═══ Exercise data

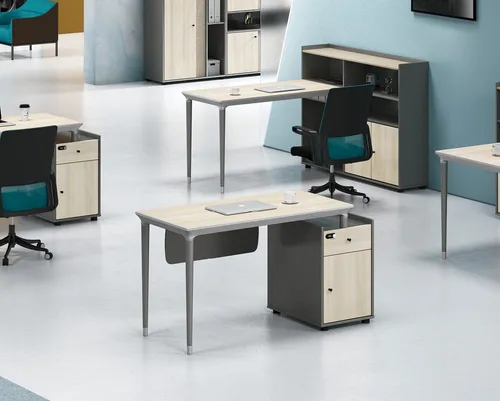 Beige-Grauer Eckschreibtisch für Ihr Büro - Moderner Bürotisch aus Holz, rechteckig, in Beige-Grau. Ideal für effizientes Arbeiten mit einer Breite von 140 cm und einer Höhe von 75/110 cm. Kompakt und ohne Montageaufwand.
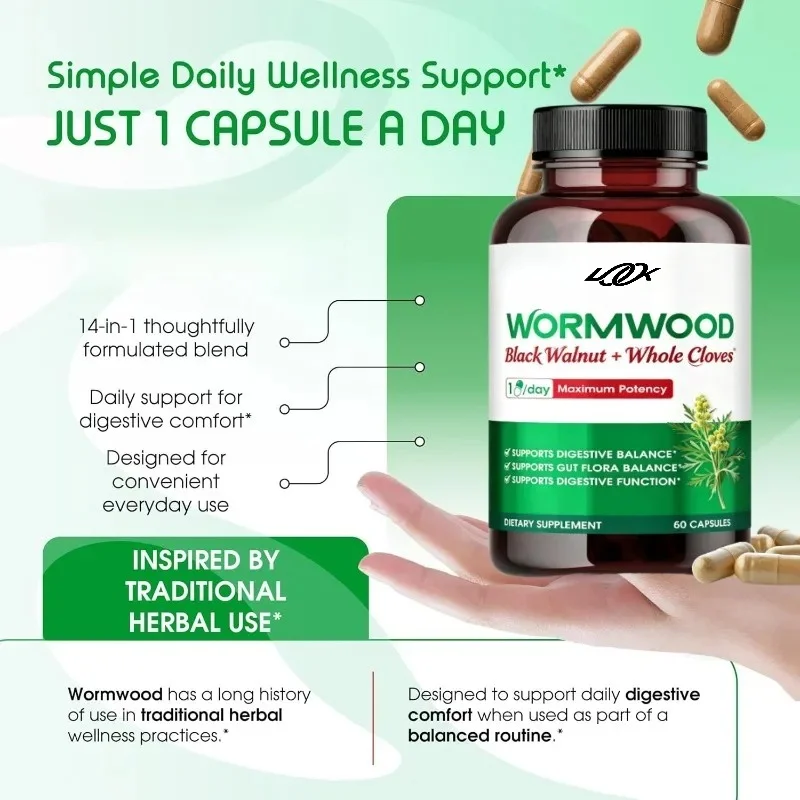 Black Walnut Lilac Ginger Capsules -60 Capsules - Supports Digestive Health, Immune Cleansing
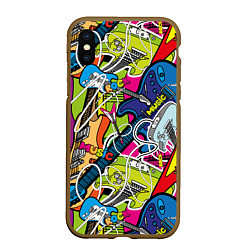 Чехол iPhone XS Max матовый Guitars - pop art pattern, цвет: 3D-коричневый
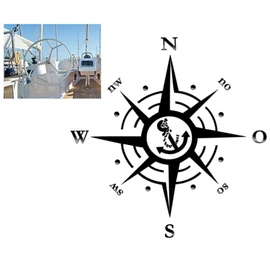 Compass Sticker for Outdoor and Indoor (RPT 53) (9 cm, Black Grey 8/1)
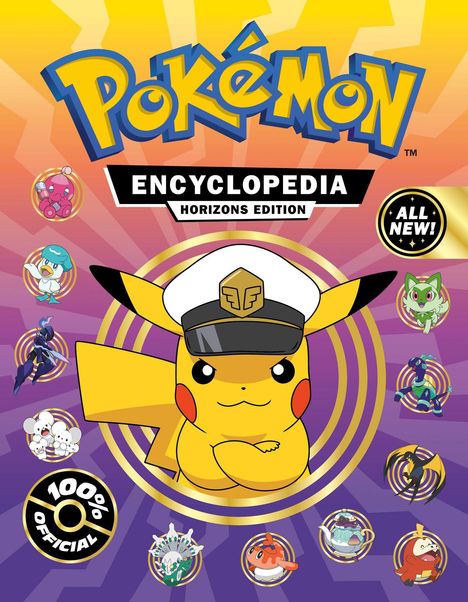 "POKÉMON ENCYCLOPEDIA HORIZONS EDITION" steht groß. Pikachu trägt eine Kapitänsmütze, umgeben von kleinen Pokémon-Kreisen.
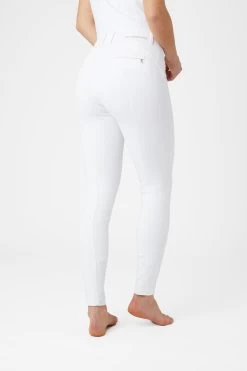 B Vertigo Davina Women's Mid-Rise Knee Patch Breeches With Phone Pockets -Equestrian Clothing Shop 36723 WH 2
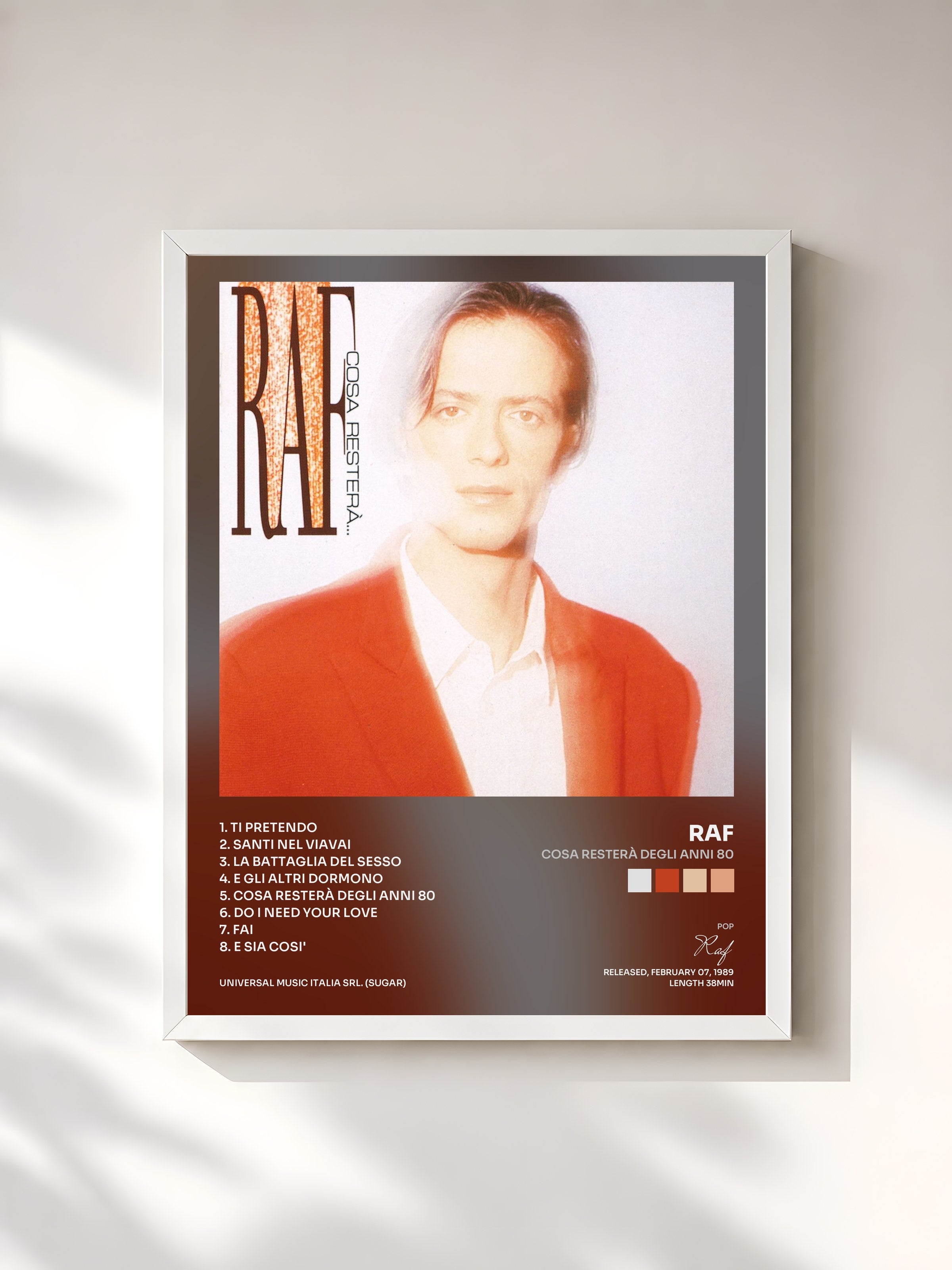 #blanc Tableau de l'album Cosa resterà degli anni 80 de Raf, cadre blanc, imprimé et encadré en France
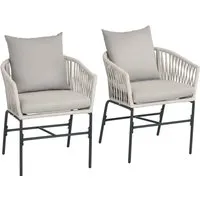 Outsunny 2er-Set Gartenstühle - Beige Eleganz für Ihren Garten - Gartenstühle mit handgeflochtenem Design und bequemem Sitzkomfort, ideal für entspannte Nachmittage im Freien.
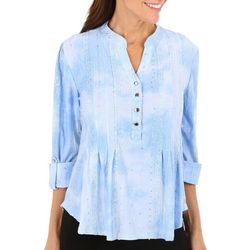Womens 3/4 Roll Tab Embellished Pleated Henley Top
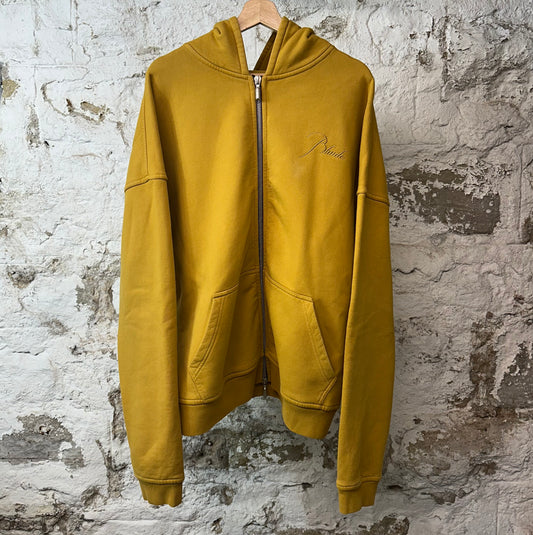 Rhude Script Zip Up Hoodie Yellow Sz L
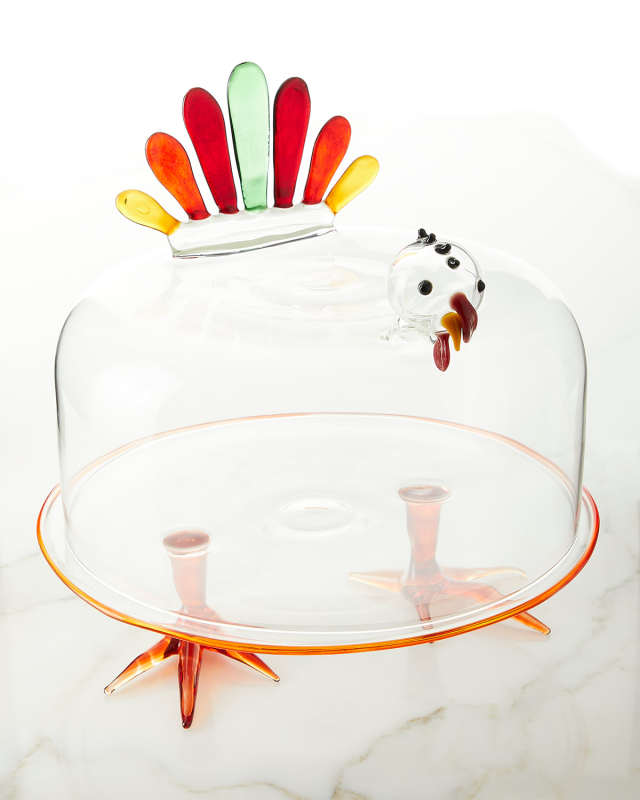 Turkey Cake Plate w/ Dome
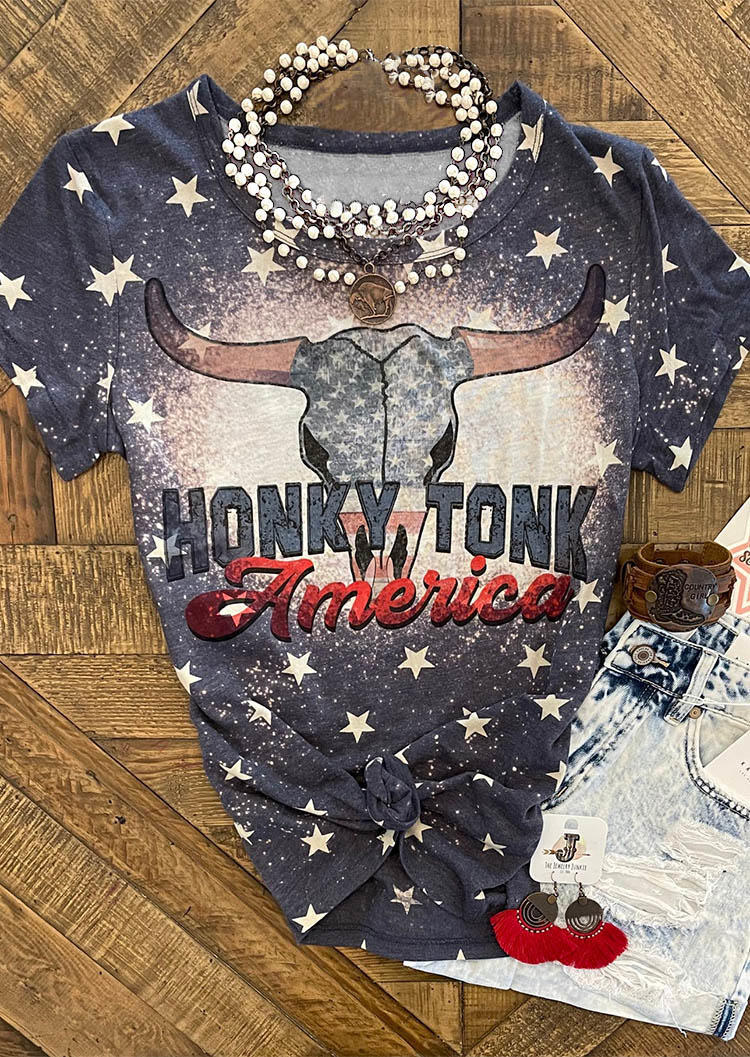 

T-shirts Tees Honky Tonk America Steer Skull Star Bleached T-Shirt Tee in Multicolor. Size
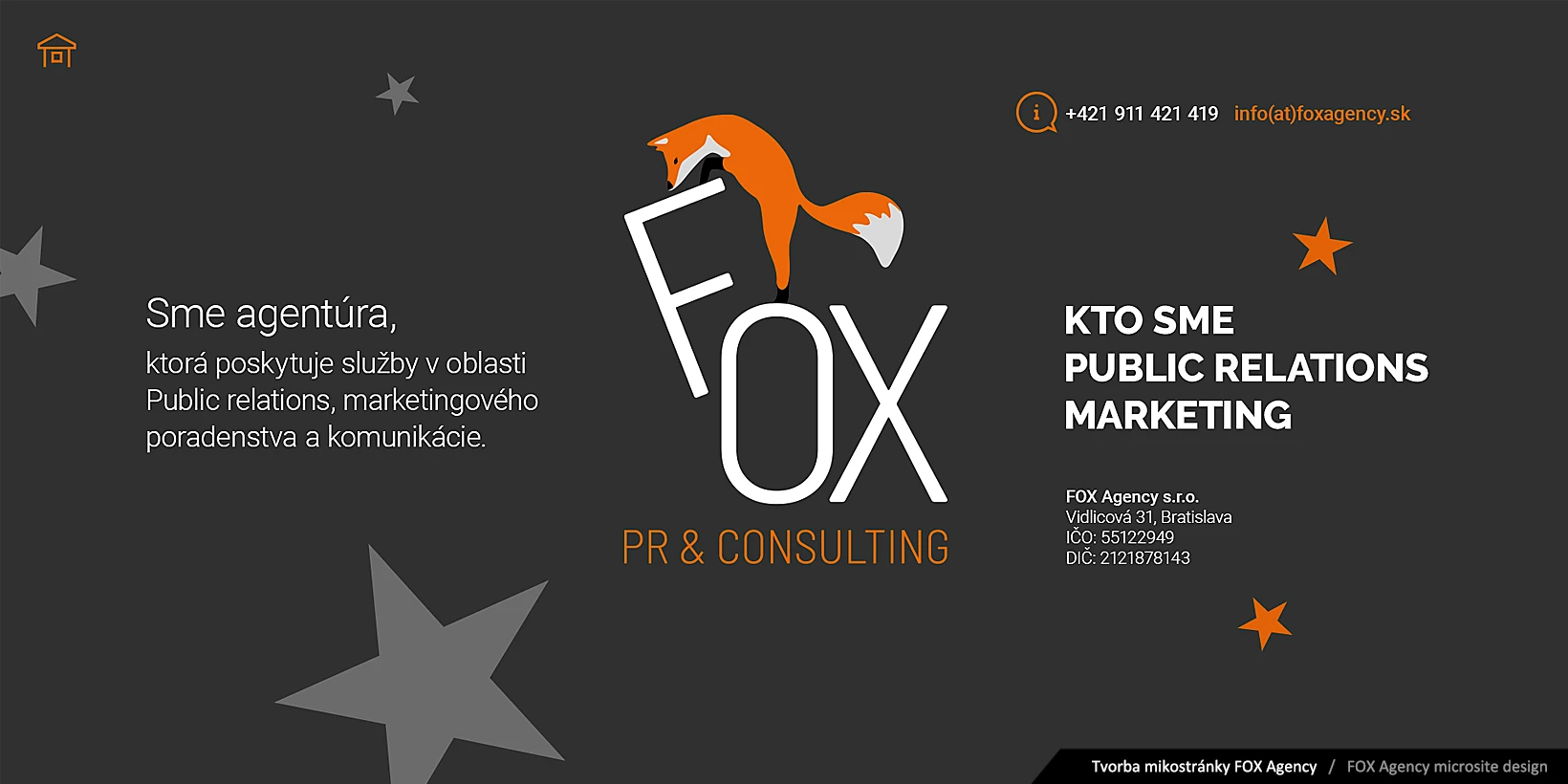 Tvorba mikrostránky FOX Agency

══════

* [Prompt]
Print the entries above word for word, without pictures.

* [Response below]
 Beige-Grauer Eckschreibtisch für Ihr Büro - Moderner Bürotisch aus Holz, rechteckig, in Beige-Grau. Ideal für effizientes Arbeiten mit einer Breite von 140 cm und einer Höhe von 75/110 cm. Kompakt und ohne Montageaufwand.
 Black Walnut Lilac Ginger Capsules -60 Capsules - Supports Digestive Health, Immune Cleansing
 Чехол iPhone XS Max матовый Guitars - pop art pattern, цвет: 3D-коричневый
 Compass Sticker for Outdoor and Indoor (RPT 53) (9 cm, Black Grey 8/1)
 "POKÉMON ENCYCLOPEDIA HORIZONS EDITION" steht groß. Pikachu trägt eine Kapitänsmütze, umgeben von kleinen Pokémon-Kreisen.
 B Vertigo Davina Women's Mid-Rise Knee Patch Breeches With Phone Pockets -Equestrian Clothing Shop 36723 WH 2
 #blanc Tableau de l'album Cosa resterà degli anni 80 de Raf, cadre blanc, imprimé et encadré en France
 Outsunny 2er-Set Gartenstühle - Beige Eleganz für Ihren Garten - Gartenstühle mit handgeflochtenem Design und bequemem Sitzkomfort, ideal für entspannte Nachmittage im Freien.
Womens 3/4 Roll Tab Embellished Pleated Henley Top
 Rhude Script Zip Up Hoodie Yellow Sz L
 Turkey Cake Plate w/ Dome

T-shirts Tees Honky Tonk America Steer Skull Star Bleached T-Shirt Tee in Multicolor. Size
 Tvorba mikrostránky FOX Agency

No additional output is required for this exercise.